------ Record extracts ------

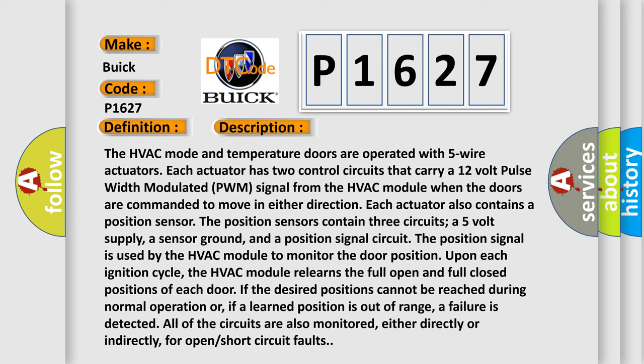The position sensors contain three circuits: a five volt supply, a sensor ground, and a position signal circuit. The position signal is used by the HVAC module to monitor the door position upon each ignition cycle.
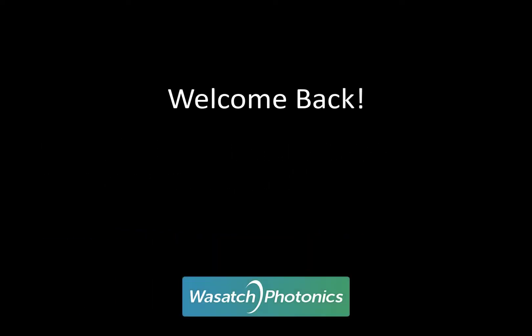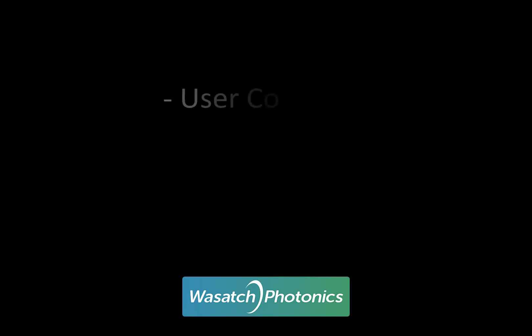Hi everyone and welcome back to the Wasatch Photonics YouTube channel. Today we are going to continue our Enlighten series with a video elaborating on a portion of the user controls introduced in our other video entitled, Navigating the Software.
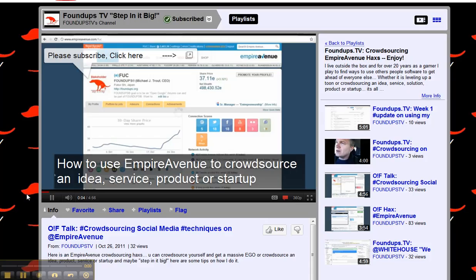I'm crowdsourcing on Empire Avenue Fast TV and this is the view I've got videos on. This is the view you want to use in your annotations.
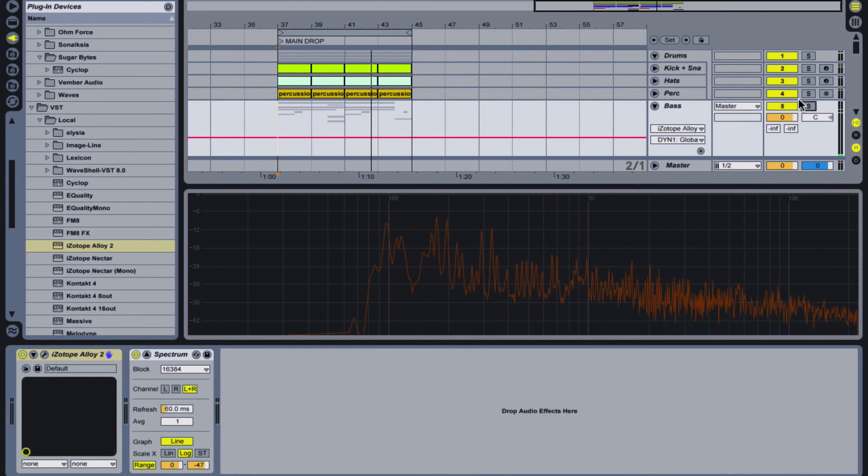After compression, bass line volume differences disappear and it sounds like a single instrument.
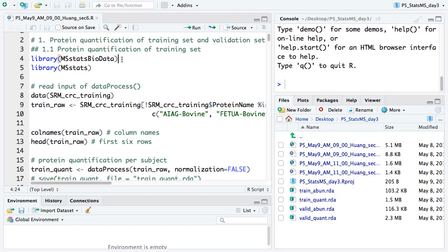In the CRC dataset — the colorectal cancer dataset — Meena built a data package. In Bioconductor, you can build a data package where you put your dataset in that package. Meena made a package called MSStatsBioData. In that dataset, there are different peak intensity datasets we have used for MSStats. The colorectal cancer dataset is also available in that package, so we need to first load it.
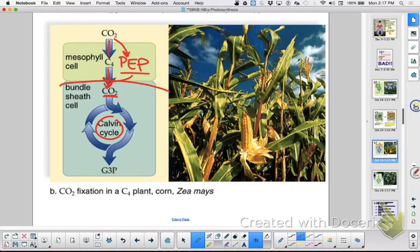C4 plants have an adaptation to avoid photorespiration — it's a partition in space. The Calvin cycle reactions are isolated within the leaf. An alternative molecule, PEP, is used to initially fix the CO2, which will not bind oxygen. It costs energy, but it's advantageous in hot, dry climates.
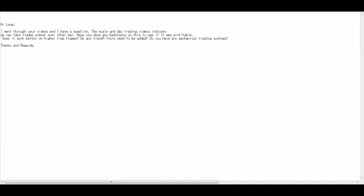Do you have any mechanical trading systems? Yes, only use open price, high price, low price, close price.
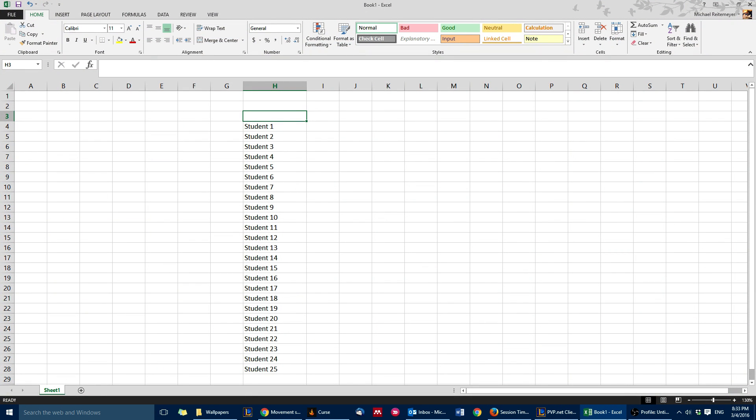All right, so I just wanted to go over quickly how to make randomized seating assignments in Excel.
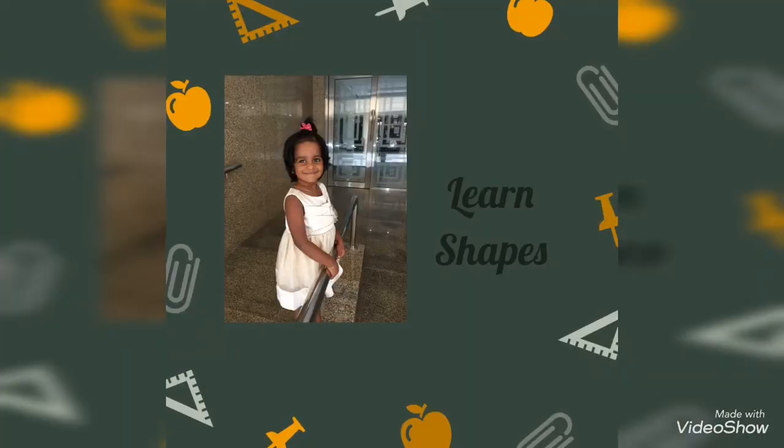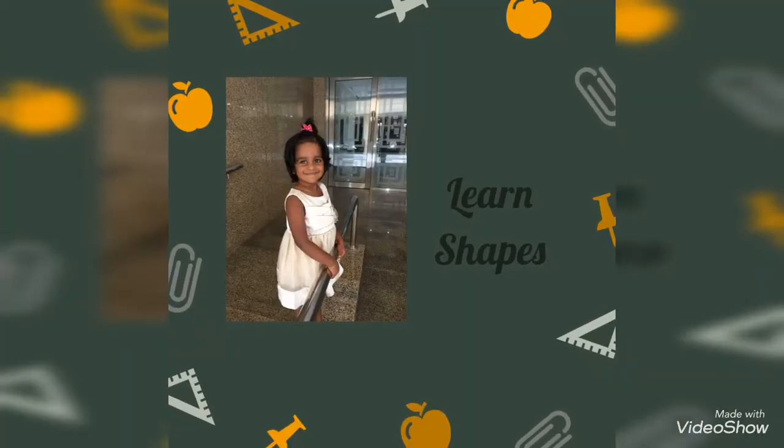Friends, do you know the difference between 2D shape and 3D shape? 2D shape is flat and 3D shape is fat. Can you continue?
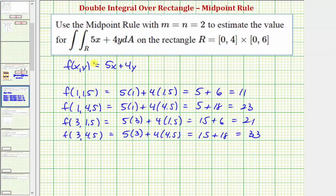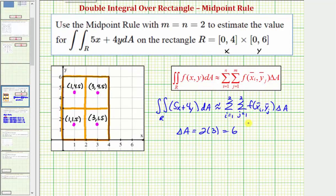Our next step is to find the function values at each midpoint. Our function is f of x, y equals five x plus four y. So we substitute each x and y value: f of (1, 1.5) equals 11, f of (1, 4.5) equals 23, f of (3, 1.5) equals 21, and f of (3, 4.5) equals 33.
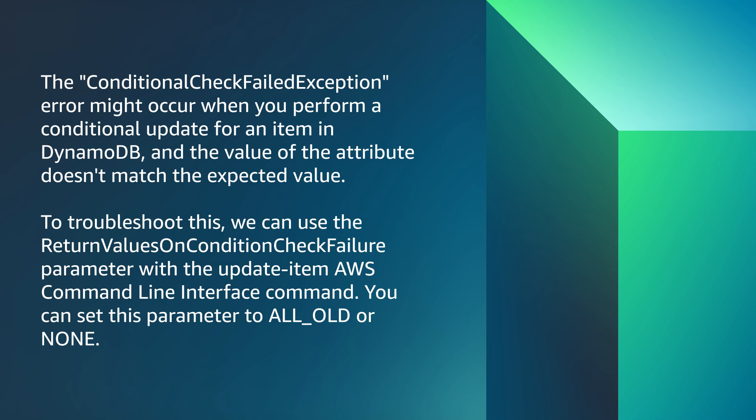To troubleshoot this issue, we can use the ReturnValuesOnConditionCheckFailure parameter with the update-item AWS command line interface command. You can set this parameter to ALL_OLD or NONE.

------
------ Record extracts ------

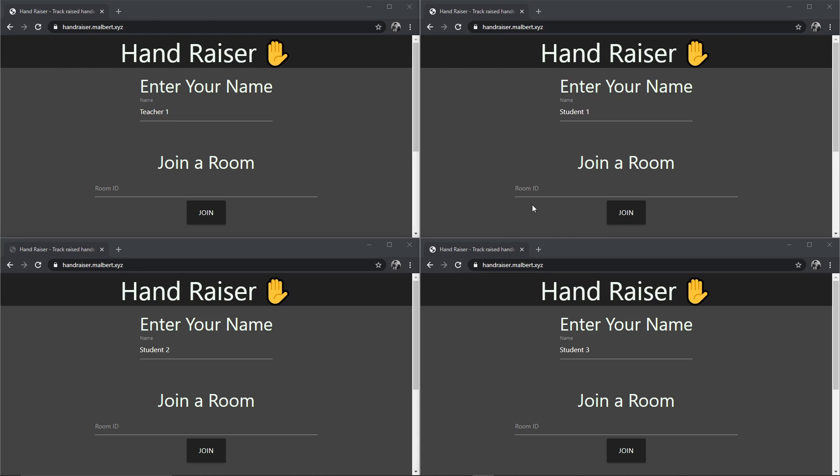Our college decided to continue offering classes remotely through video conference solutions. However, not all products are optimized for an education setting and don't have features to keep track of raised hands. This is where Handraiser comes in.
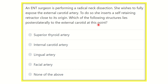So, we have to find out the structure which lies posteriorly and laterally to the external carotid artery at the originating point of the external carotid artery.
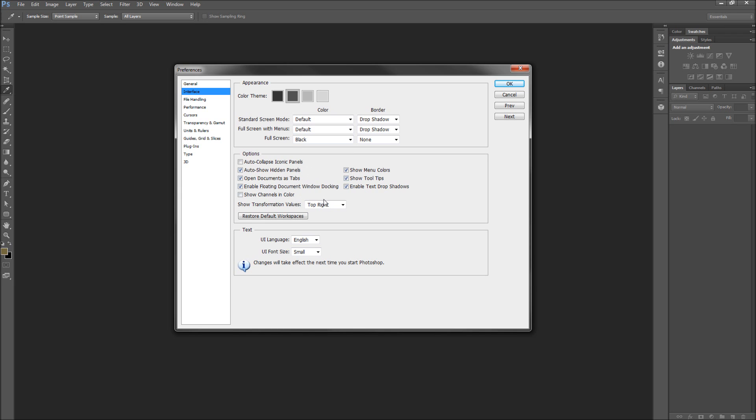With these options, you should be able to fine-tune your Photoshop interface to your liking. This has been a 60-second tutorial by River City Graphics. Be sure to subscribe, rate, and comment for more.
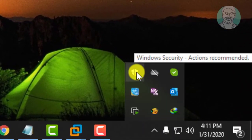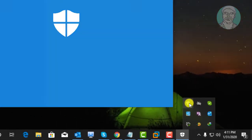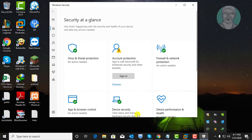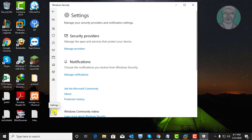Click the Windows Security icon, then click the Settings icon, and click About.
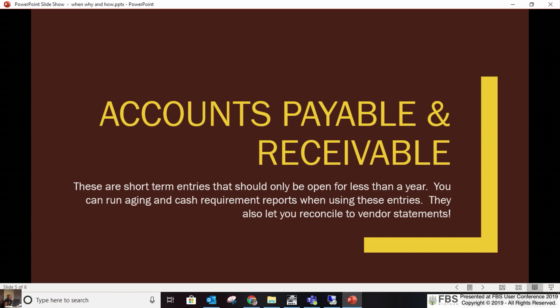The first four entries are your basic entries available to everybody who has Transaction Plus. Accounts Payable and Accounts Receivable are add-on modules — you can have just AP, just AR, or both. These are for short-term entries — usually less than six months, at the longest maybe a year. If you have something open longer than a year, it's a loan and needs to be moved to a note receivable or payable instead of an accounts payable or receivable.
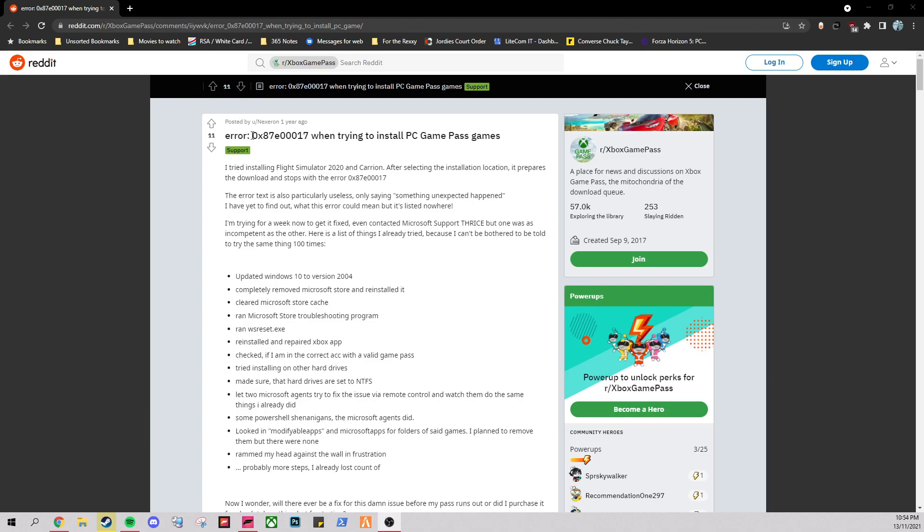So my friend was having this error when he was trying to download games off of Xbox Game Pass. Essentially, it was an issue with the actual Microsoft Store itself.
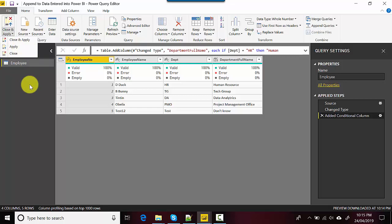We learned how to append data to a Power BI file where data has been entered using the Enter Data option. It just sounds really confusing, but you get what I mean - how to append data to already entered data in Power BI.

------
------ Record extracts ------

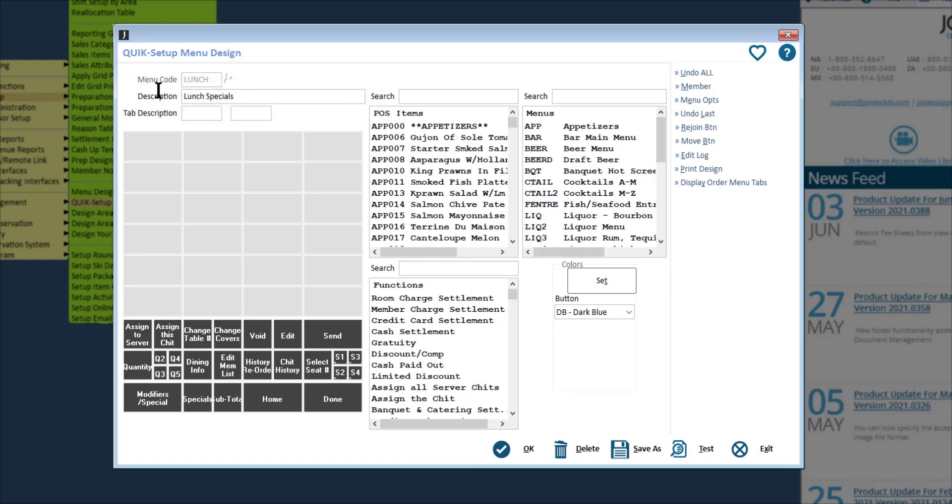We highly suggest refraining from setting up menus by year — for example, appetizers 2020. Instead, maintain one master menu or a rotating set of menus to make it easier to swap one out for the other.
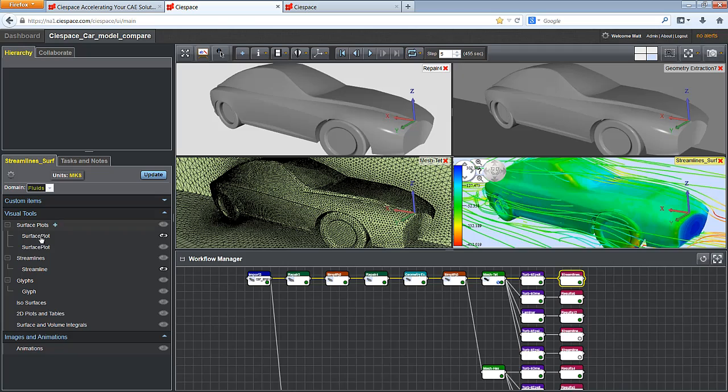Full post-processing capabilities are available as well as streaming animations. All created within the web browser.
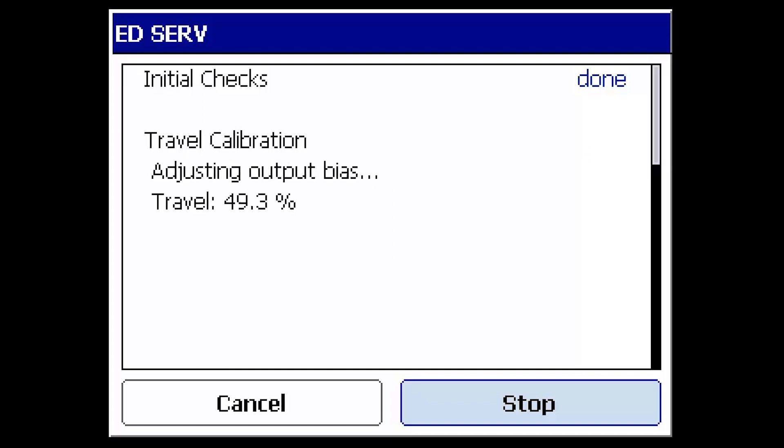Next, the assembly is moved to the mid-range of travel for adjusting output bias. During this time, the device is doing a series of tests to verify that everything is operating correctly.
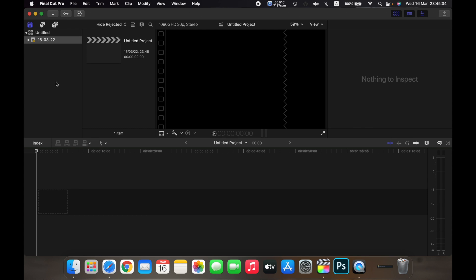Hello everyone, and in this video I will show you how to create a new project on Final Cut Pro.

------

▶ Task instructions
The material above holds pictures; leave them out and set down exactly the lines from the line with "We highly suggest" to the line with "Full post-processing capabilities", both included.

▶ Output for this task
We highly suggest refraining from setting up menus by year — for example, appetizers 2020. Instead, maintain one master menu or a rotating set of menus to make it easier to swap one out for the other.
Full post-processing capabilities are available as well as streaming animations. All created within the web browser.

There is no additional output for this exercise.